Right Solution, Right Time for Higher Education
IaaS computing models provide the basic building blocks of IT to customers in the cloud. While IaaS offerings vary widely, they include services that meet the core needs for computing capacity, storage and networking. In layman’s terms, IaaS offers cloud-based versions of the services colleges traditionally built into their on-premises data centers, without the constraints involved in building those services onsite.
Four companies dominate the IaaS market: Amazon Web Services, Microsoft Azure, Google Cloud and VMware vCloud Air. Each provides customers with the ability to rapidly provision the services they need and pay for them either on demand or with significant discounts for long-term, high-volume use. This pricing model is one of the core value propositions offered by the cloud: You pay for what you use only for as long as you use it. In an on-premises environment, technology leaders must plan IT purchases far in advance and ensure that they have the hardware in place to meet future needs.

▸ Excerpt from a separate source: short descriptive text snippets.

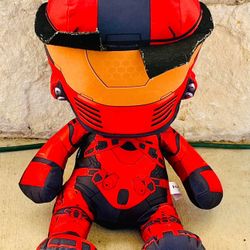 Halo Red Spartan 21" Giant Plush Official Licensed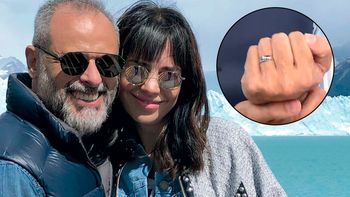 Así es la tarjeta de casamiento de Jorge Rial y Romina Pereiro: Save the date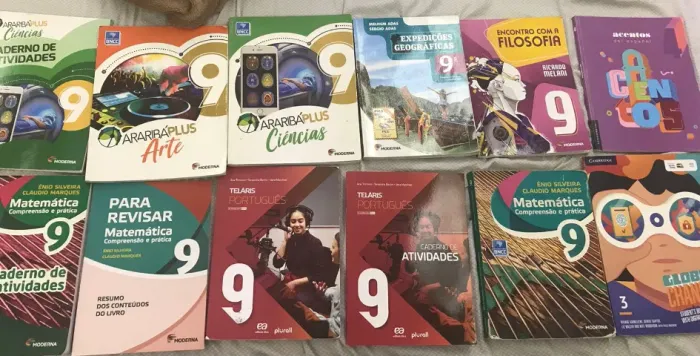 Livros didáticos 9ª ano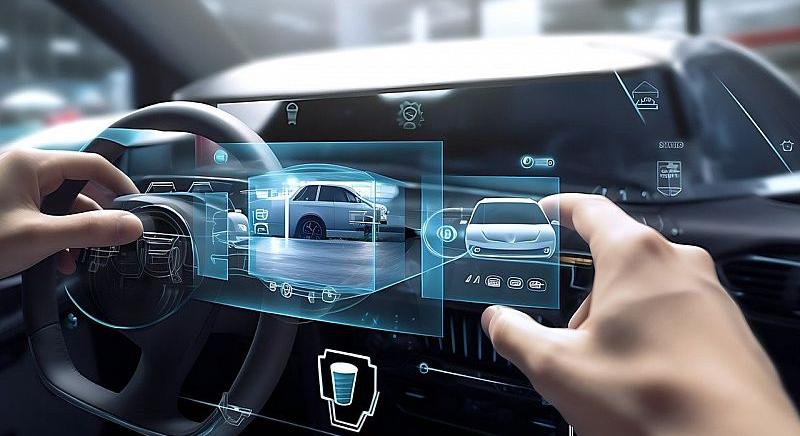 Így változtatja meg a hologram az autók kijelzőit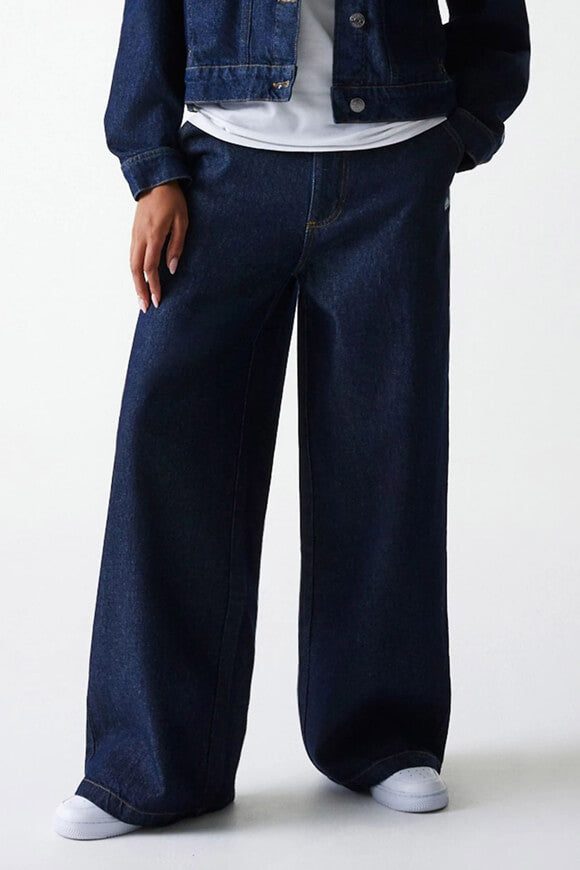 New Era Wide Leg Jeans - Dark Blue 26 Damen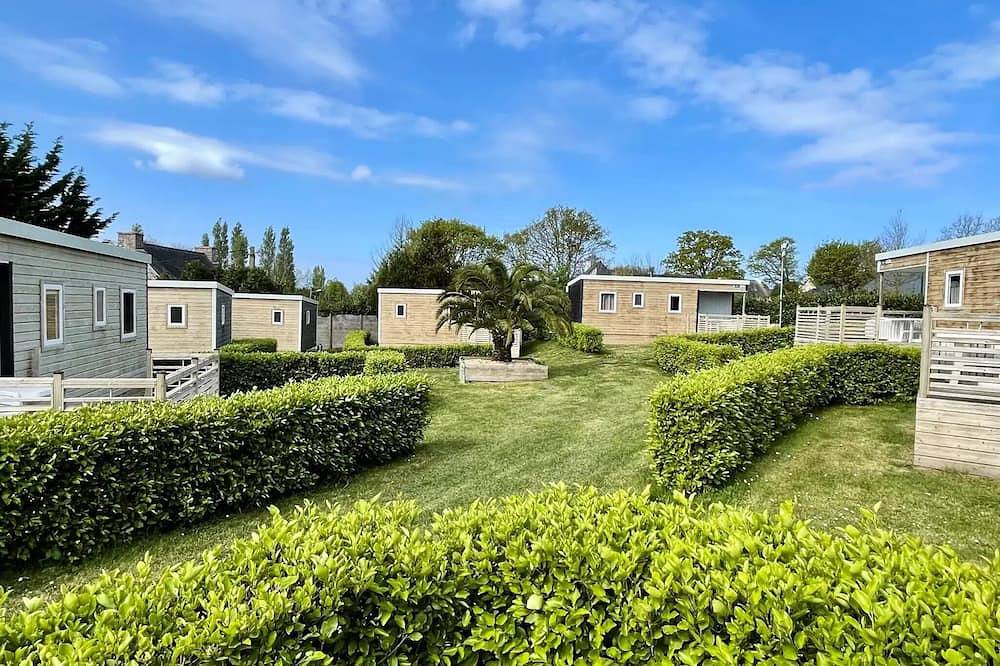 Mobil-home 3 Pièces 4 Personnes + Tv in Erquy, Côte d’Émeraude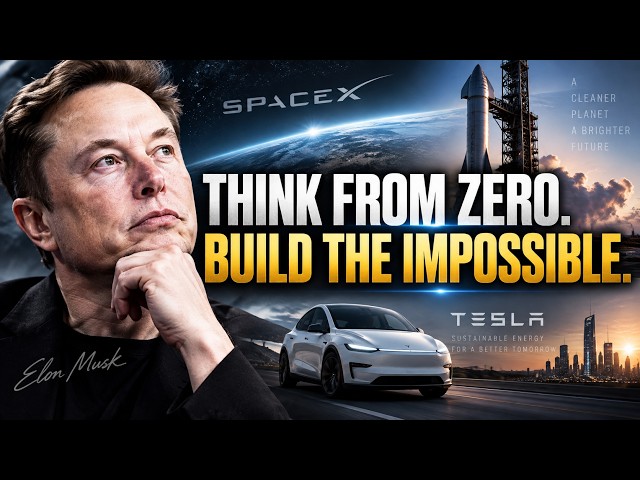 Everyone Quotes "First Principles." Here's What Musk Actually Did With It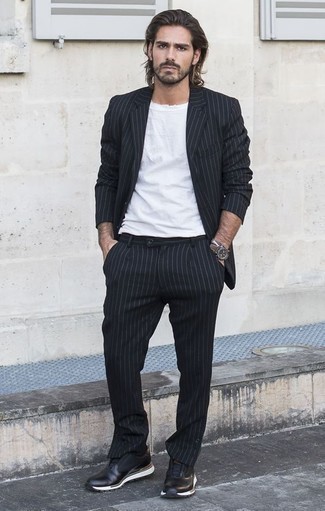 Comment porter un costume pour un style decontractés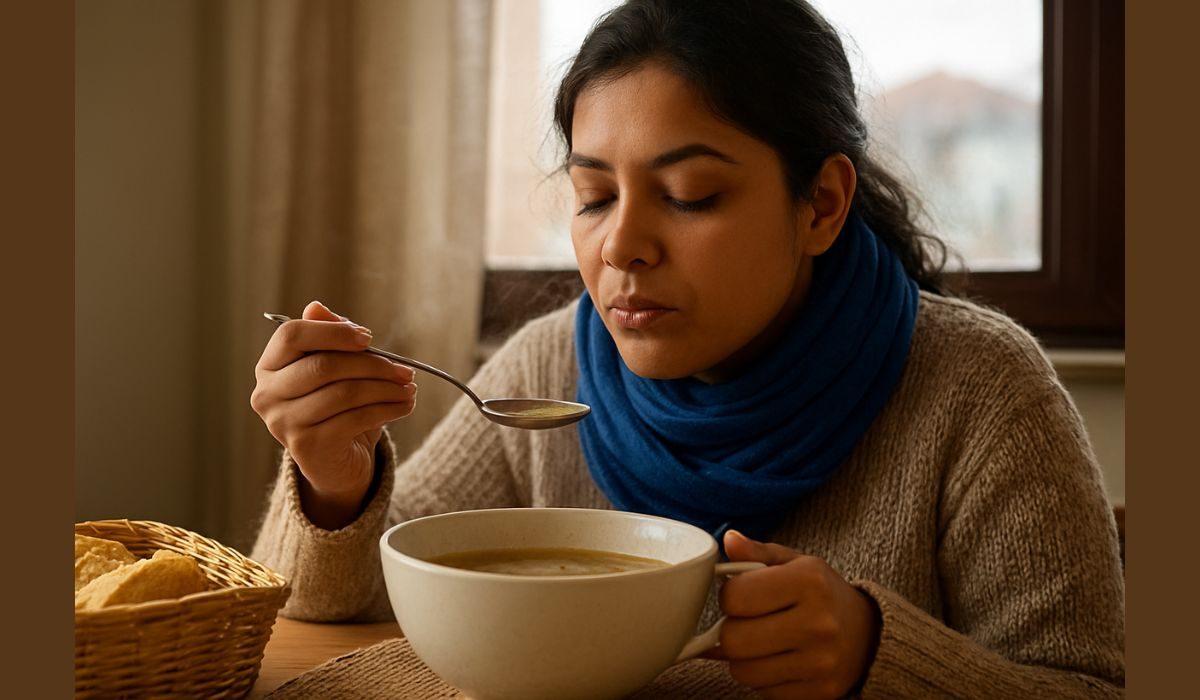 نزلہ زکام میں سوپ واقعی مفید؟ سردیوں کی عام بحث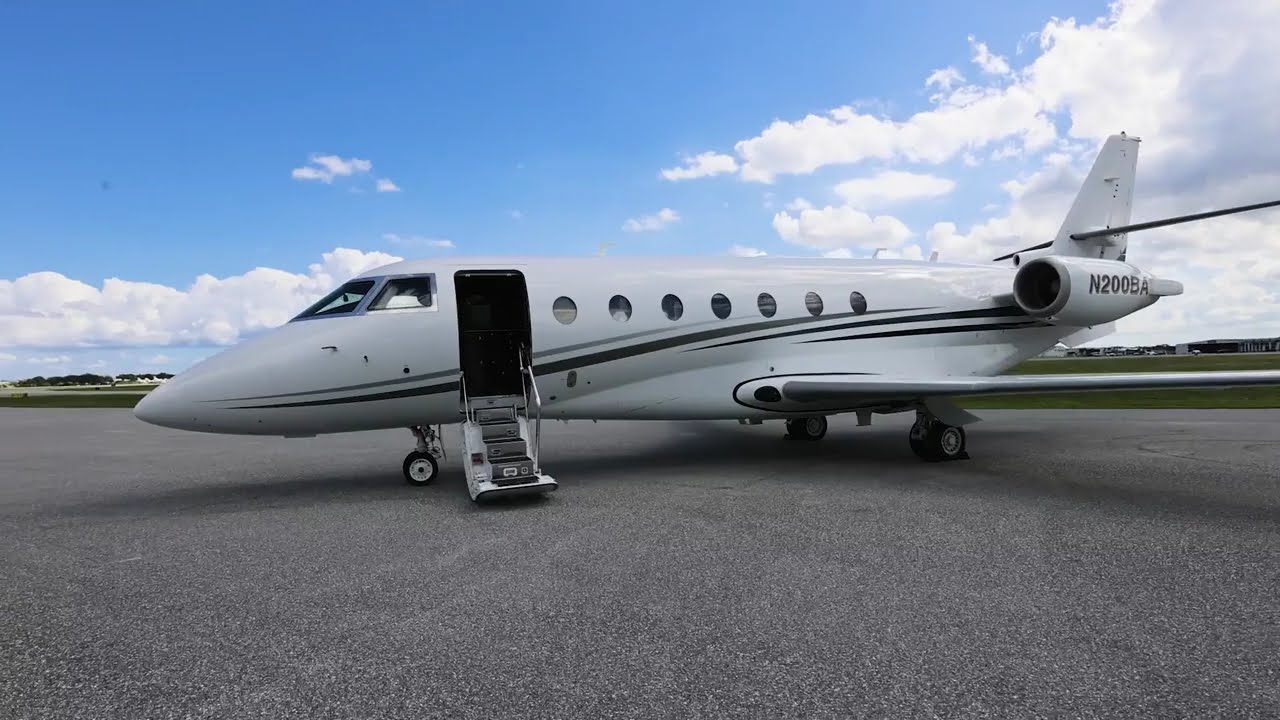 2004 GULFSTREAM G200 For Sale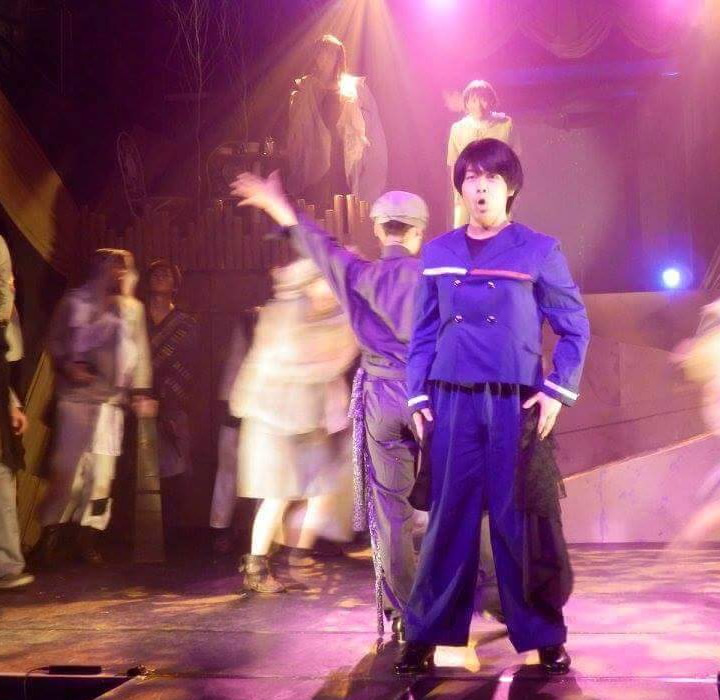 歌手・タップダンサー 佐々木名央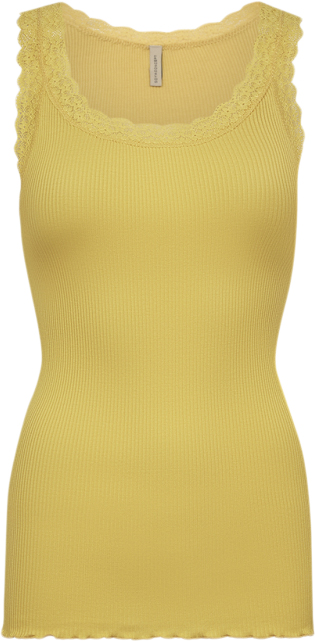 soyaconcept Scsarona 1 Kvinde 3400 Golden Yellow Tanktoppe Str S - Silke hos Magasin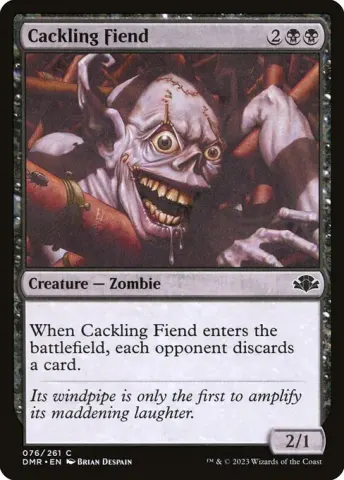 Cackling Fiend · 76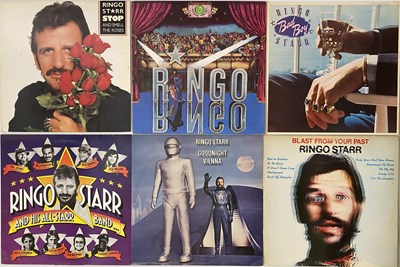 Lot 802 - RINGO STARR AND RELATED - LP PACK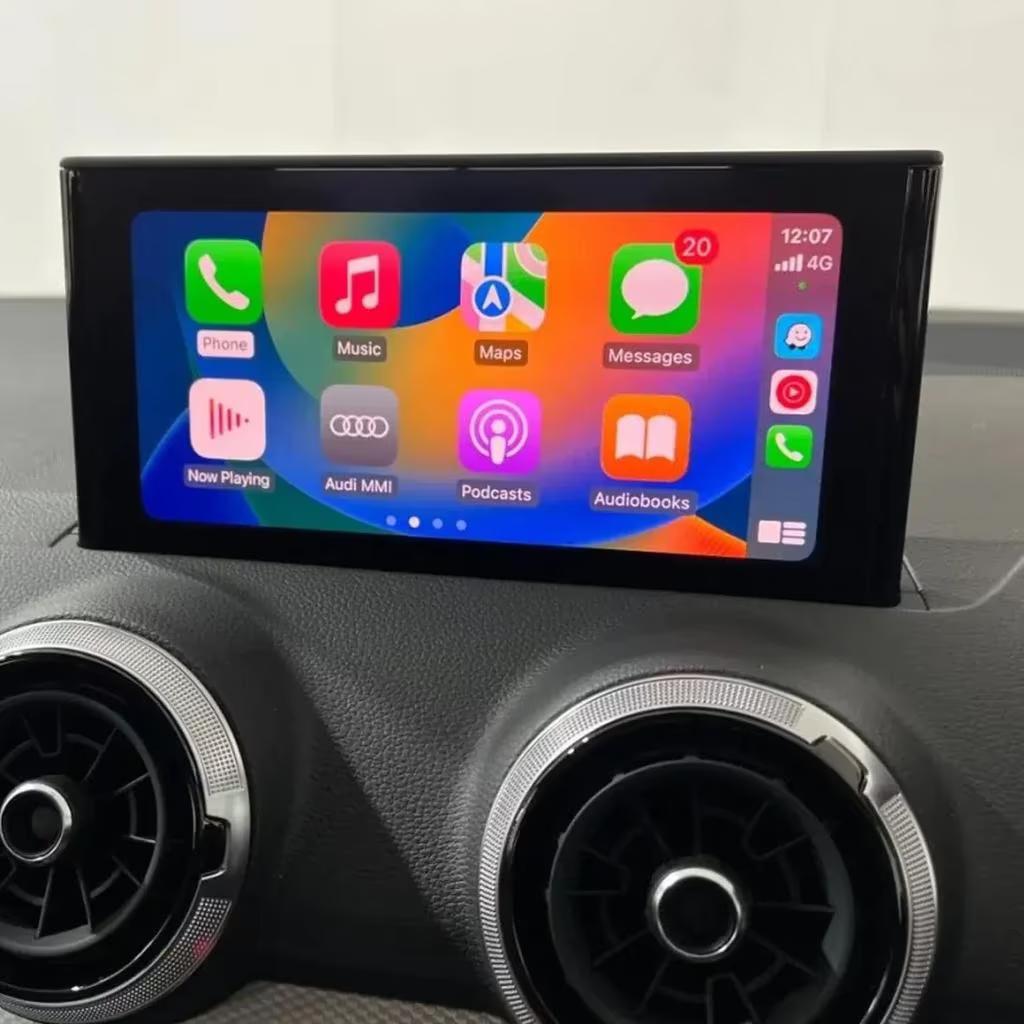 Volkswagen CarPlay, App-Connect et activation automatique d', Autos : Divers, Autoradios, Neuf, Enlèvement ou Envoi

The rapid shift to remote learning that colleges experienced over the past year simply didn’t allow for either. Capital project budgets didn’t suddenly increase, and no one had advance warning of the shift. IaaS services stepped in to meet this sudden unplanned surge and provided technologists with the computing resources they needed to quickly stand up new services, such as new video content platforms to support asynchronous learning or administrative systems. These needs could not have been predicted prior to the pandemic, but the flexibility and agility of IaaS made it possible for technologists to quickly spin up new infrastructure as needs arose.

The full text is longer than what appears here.